Saved: eda_distributions.png


In [18]:
# Feature Engineering - Part 1: Temporal features

print("=" * 80)
print("FEATURE ENGINEERING")
print("=" * 80)

# Create a comprehensive feature-engineered dataset
df_fe = df.copy()

# 1. TEMPORAL FEATURES (already created, but let's add more)
print("\n1. Creating advanced temporal features...")

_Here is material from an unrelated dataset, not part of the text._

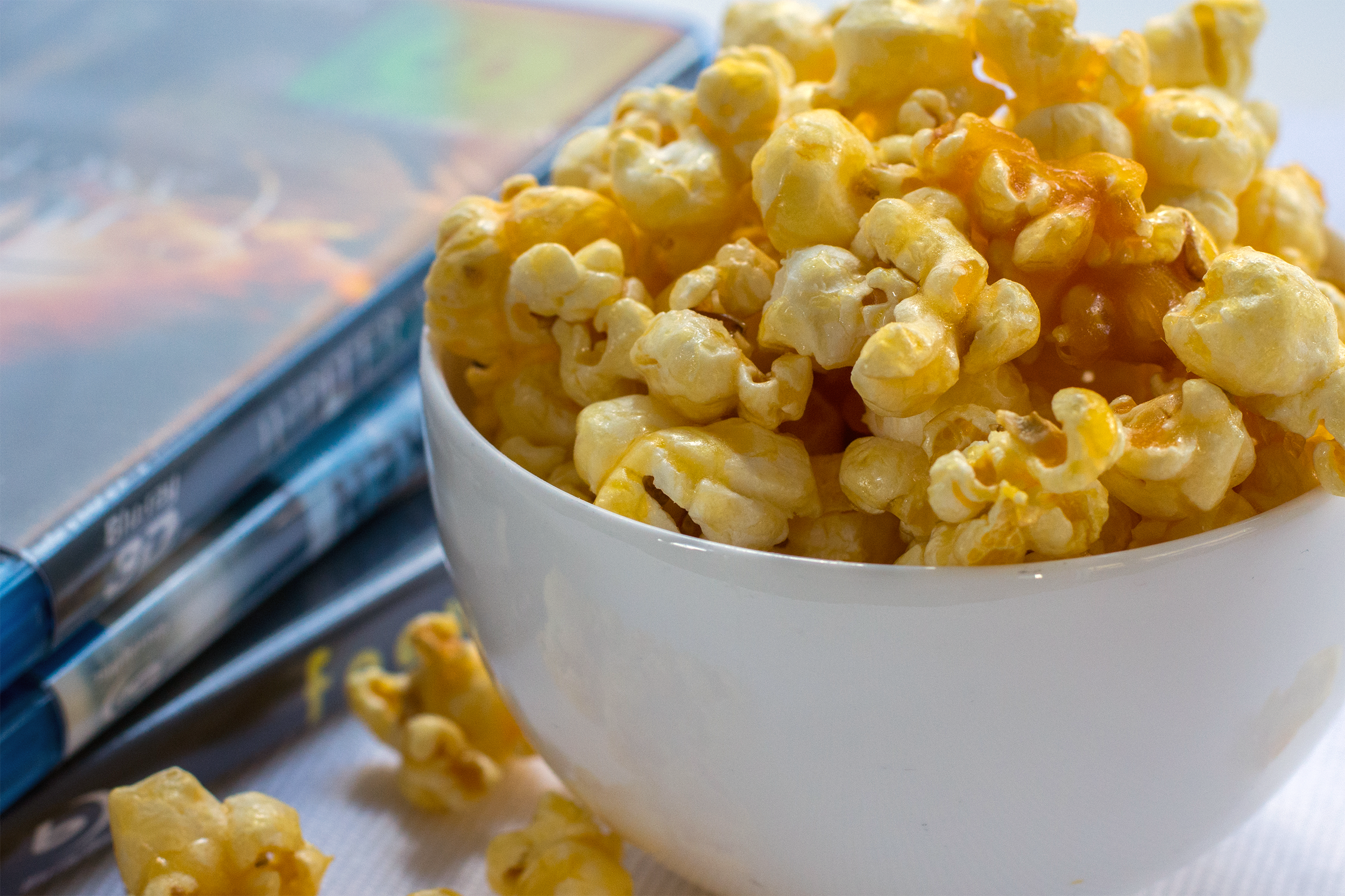 Closeup of caramel and buttered popcorn in a white porcelain bowl, on the right, three DVDs on the left, on a white napkin with pieces of popcorn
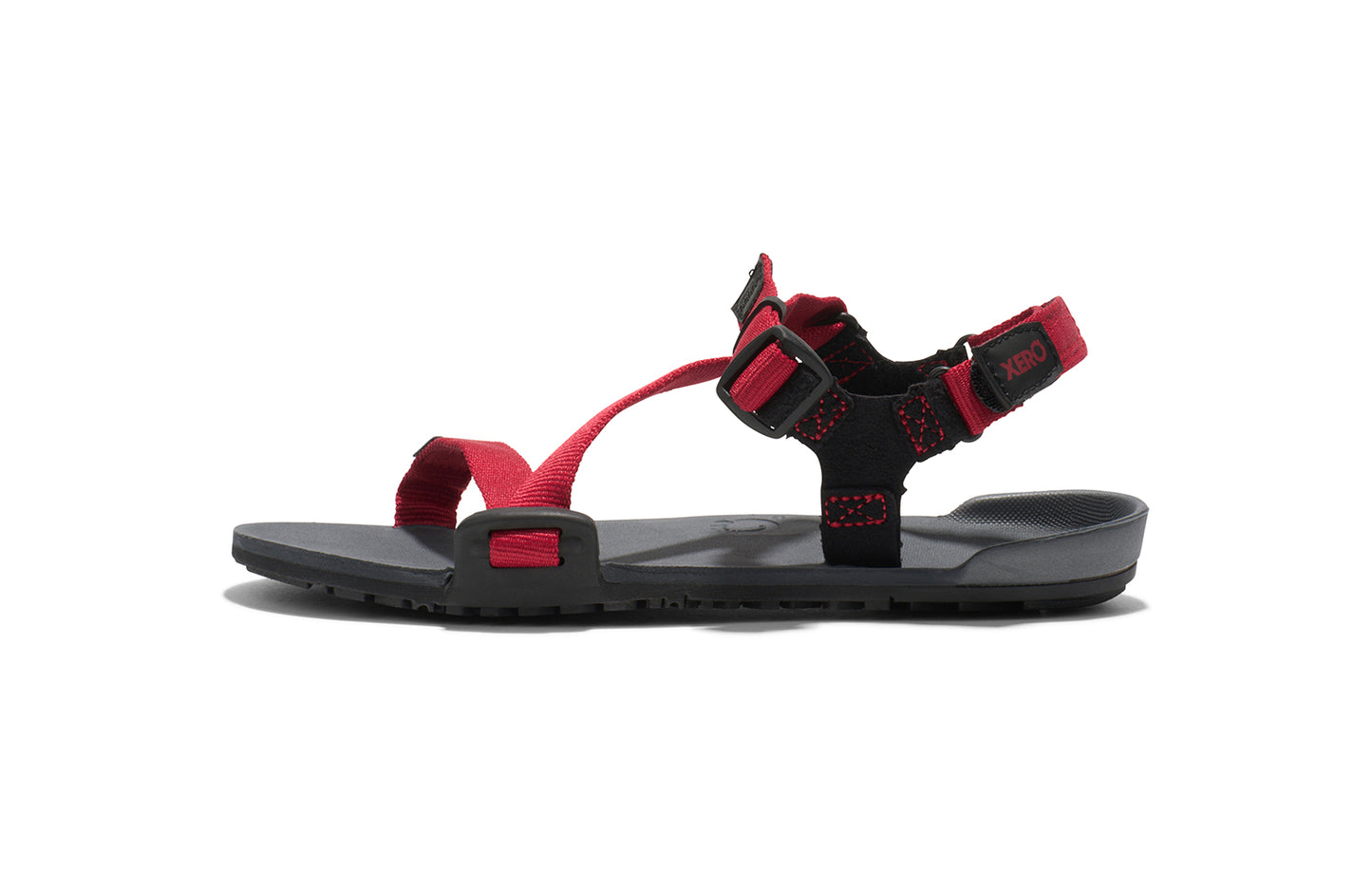 Xero Kid's Barefoot Shoes sold in Ontario, Canada. These minimalist shoes have flexible soles, wide toe boxes, and zero drop. Side view of Xero Kid's Z-Trail in Charcoal/Red Pepper, a lightweight packable sport sandal.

# Cyclical encoding for temporal features
df_fe['month_sin'] = np.sin(2 * np.pi * df_fe['month'] / 12)
df_fe['month_cos'] = np.cos(2 * np.pi * df_fe['month'] / 12)
df_fe['day_sin'] = np.sin(2 * np.pi * df_fe['day'] / 31)
df_fe['day_cos'] = np.cos(2 * np.pi * df_fe['day'] / 31)
df_fe['dow_sin'] = np.sin(2 * np.pi * df_fe['day_of_week'] / 7)
df_fe['dow_cos'] = np.cos(2 * np.pi * df_fe['day_of_week'] / 7)

# Time-based features
df_fe['days_from_start'] = (df_fe['date'] - df_fe['date'].min()).dt.days
df_fe['is_quarter_start'] = df_fe['date'].dt.is_quarter_start.astype(int)
df_fe['is_quarter_end'] = df_fe['date'].dt.is_quarter_end.astype(int)
df_fe['is_year_start'] = df_fe['date'].dt.is_year_start.astype(int)
df_fe['is_year_end'] = df_fe['date'].dt.is_year_end.astype(int)

print(f"   - Added cyclical encodings for month, day, day_of_week")
print(f"   - Added quarter/year start/end indicators")
print(f"   - Added days_from_start")

# 2. LAG FEATURES
print("\n2. Creating lag features...")

# Sort by part_sku, location, and date for proper lag calculation
df_fe = df_fe.sort_values(['part_sku', 'location_id', 'date'])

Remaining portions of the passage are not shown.